Thus, an explanation can bring denunciation for “defending a Japanese nazi.”
Considering the number of intellectually-challenged Americans, I expect to read
many such denunciations.
This
is the problem with being a truthful writer in these times. More people want
someone to denounce than want truth. Truth-tellers are persona non grata to
the ruling establishment and to proponents of Identity Politics. It is unclear
how much longer truth will be permitted to be expressed. Already it is much
safer and more remunerative to tell the official lies than to tell the truth.
More people want their
inculcated biases and beliefs affirmed by what they read than want to
reconsider what they think, expecially if changing their view puts them at odds
with their peers. Most people believe what is convenient for them and what they
want to believe. Facts are not important to them. Indeed, Americans deny the
facts before their eyes each and every day. How can America be a superpower
when the population for the most part is completely ignorant and brainwashed?
When truth-tellers are no
more, it is unlikely they will be missed. No one will even know that they are
gone. Already, gobs of people are unable to follow a reasoned argument based on
undisputed facts.
Take something simple and
clear, such as the conflict over several decades between North and South
leading to the breakup of the union. The conflict was economic. It was over
tariffs. The North wanted them in order to protect northern industry from lower-priced
British manufactures. Without tariffs, northern industry was hemmed in by
British goods and could not develop.
The South did not want the
tariffs because it meant higher prices for the South and likely retaliation
against the South’s export of cotton. The South saw the conflict in terms of
lower income forced on southerners so that northern manufacturers could have
higher incomes. The argument over the division of new states carved from former
Indian territories was about keeping the voting balance equal in Congress so
that a stiff tariff could not be passed. It is what the debates show. So many
historians have written about these documented facts.
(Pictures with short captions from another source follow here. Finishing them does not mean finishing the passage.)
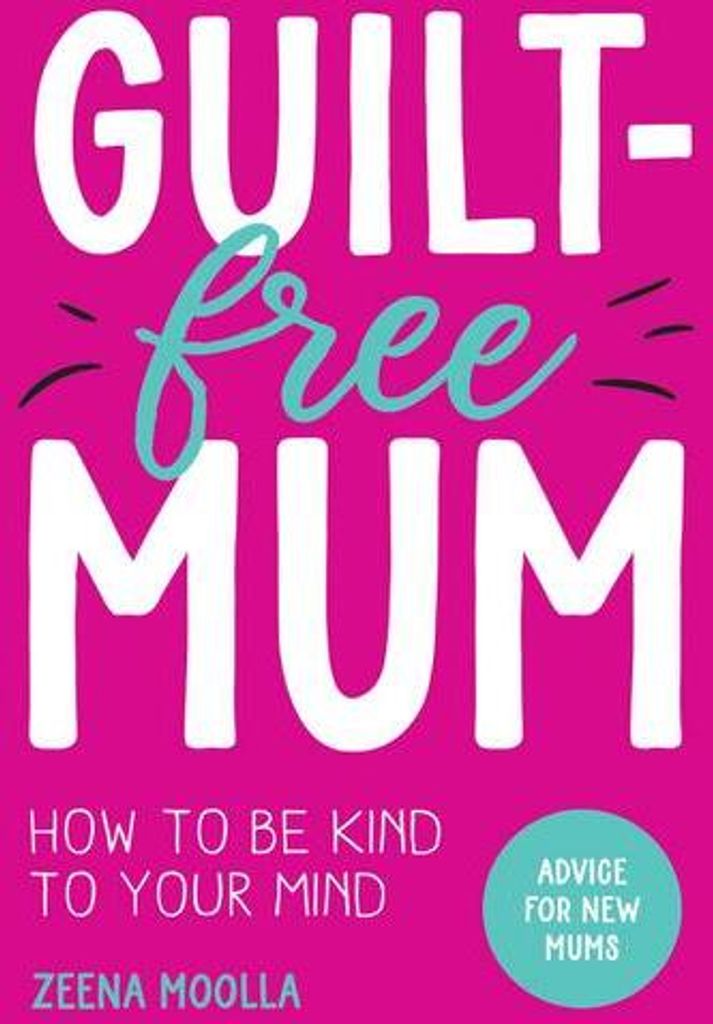 Guilt-Free Mum
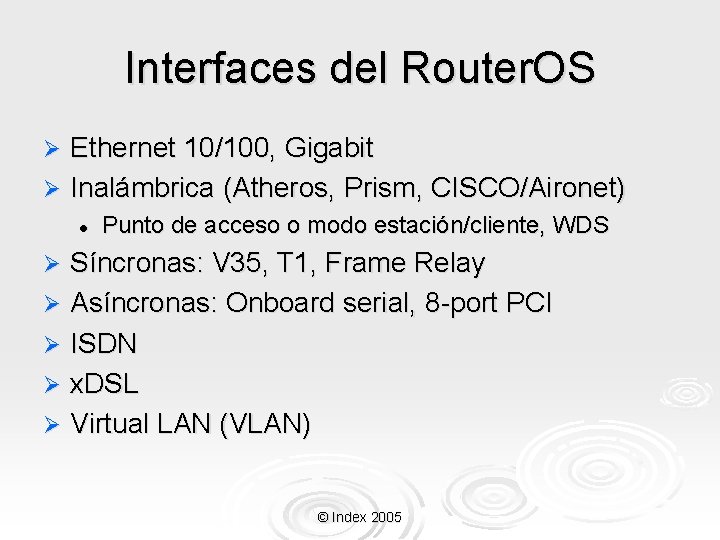 Interfaces del Router. OS Ethernet 10/100, Gigabit Ø Inalámbrica (Atheros, Prism, CISCO/Aironet) Ø l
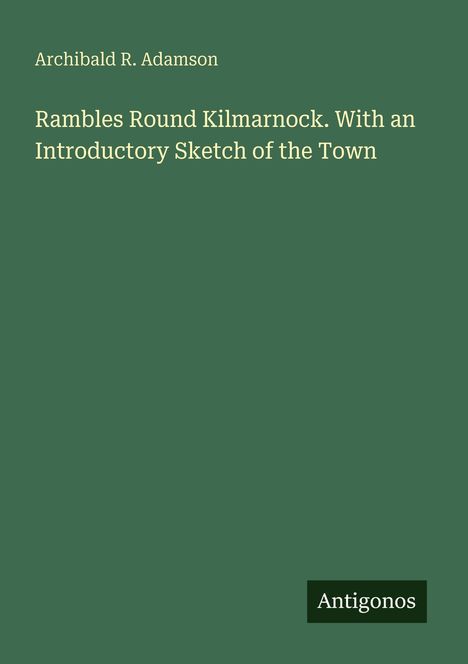 Text: "Archibald R. Adamson. Rambles Round Kilmarnock. With an Introductory Sketch of the Town." Unten rechts: "Antigonos."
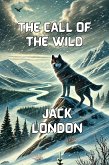 The Call Of The Wild(Illustrated) (eBook, ePUB) The Call Of The Wild(Illustrated) (eBook, ePUB)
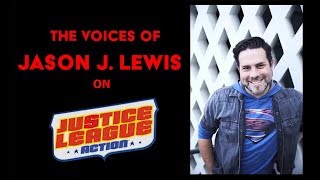 The Voices of Jason J. Lewis on JLA video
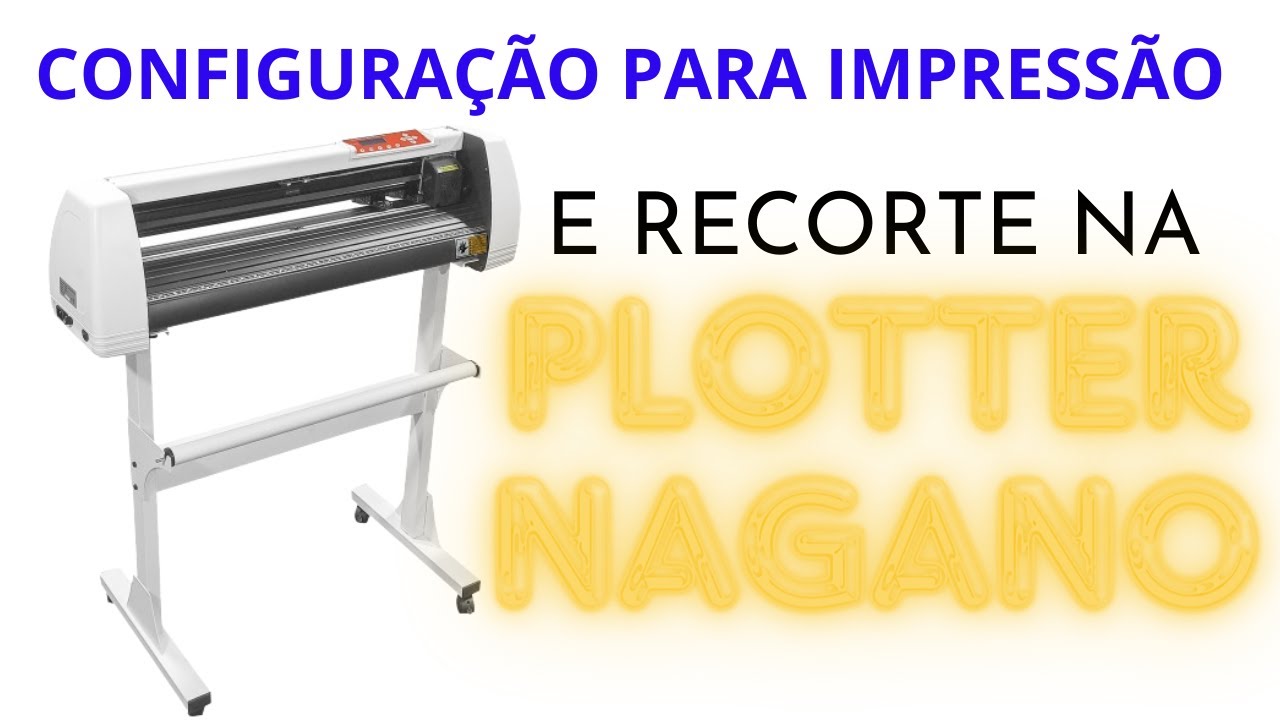 Configurando a impressão para recorte na plotter de recorte Nagano 72cm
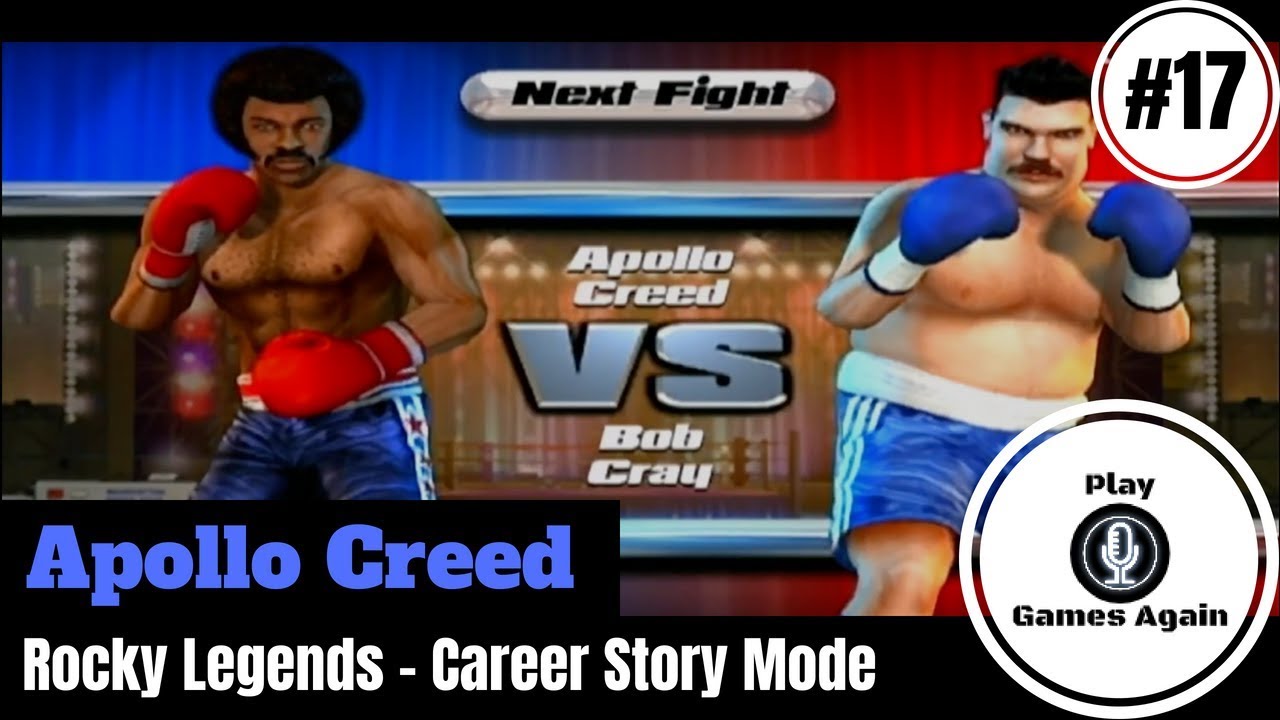 APOLLO CREED FIGHT 17 V BOB CRAY | ROCKY LEGENDS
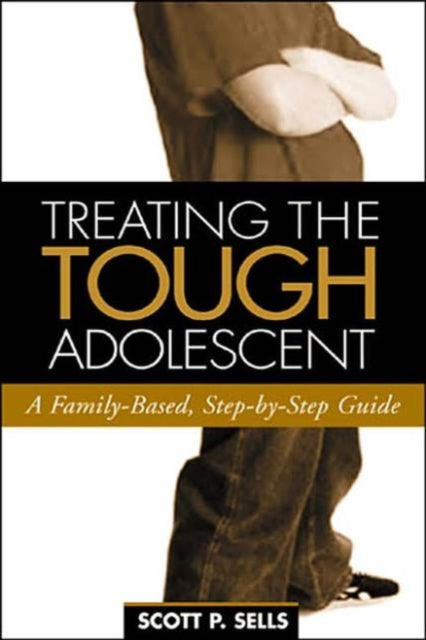 Book cover of: Treating the Tough Adolescent. By: Scott P. Sells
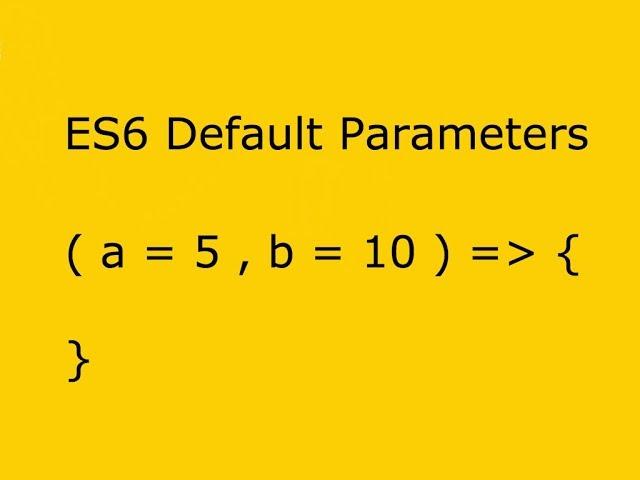 Javascript ES6 - Default Parameters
Slavery was not the issue,
because as Lincoln said in his inaugural address, he had no inclination and no
power to abolish slavery. Slavery was a states rights issue reserved to the
states by the US Constitution.
The issue, Lincoln said in
his inaugural address, was the collection of the tariff. There was no need, he
said, for invasion or bloodshed. The South just needed to permit the federal
government to collect the duties on imports. The northern states actually
passed an amendment to the Constitution that prohibited slavery from ever being
abolished by the federal government, and Lincoln gave his support.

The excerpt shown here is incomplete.